Smoked salmon and dill scrambled eggs
- 1 x 95g can Safcol Premium Smoked Salmon, drained
- 6 eggs
- 1 tablespoon butter
- 1½ tablespoons sour cream
- 1 tablespoon dill, chopped
- 1 spring onion, thinly sliced
- sea salt and freshly ground black pepper
- 8 slices sourdough bread toasted
- Heat a large, flat based fry-pan over a low heat and add the butter, heat until butter is melted and beginning to froth. Break the eggs in a bowl and gently combine with a whisk until all of the yolks are broken and are combining with the whites, season eggs with a little salt and pepper.

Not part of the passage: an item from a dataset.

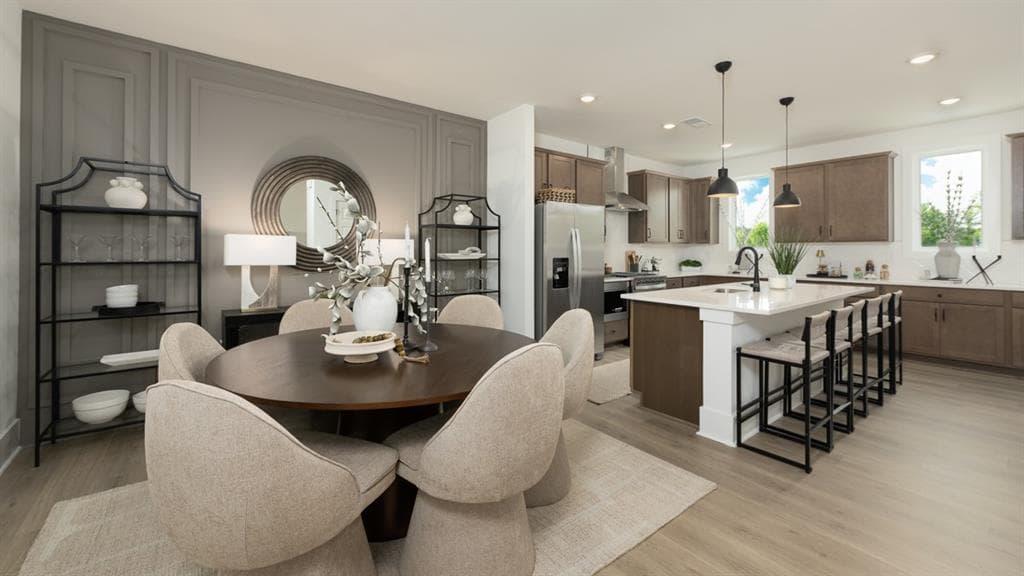 4 bedroom, 4 bathroom, 2,314 sq ft townhouse for sale at 3431 Nectarine Lane, Peachtree Corners, GA 30092 — photo 1 of 40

- Keeping the pan on a very low heat, add the eggs and move around until the bottom of the fry pan is covered and let them sit until they begin to become firm underneath. Add the Safcol smoked salmon, spring onions and dill evenly across the eggs then distribute small dollops of the sour cream over the top.
- Lift the eggs from the bottom of the pan with the spatula and chop roughly with the spatula using a lift and chop motion, so that the raw mixture hits the bottom of the pan. As soon as the eggs are just set, do a quick, rough chop with the spatula again and remove from the pan. Serve immediately with sourdough toast.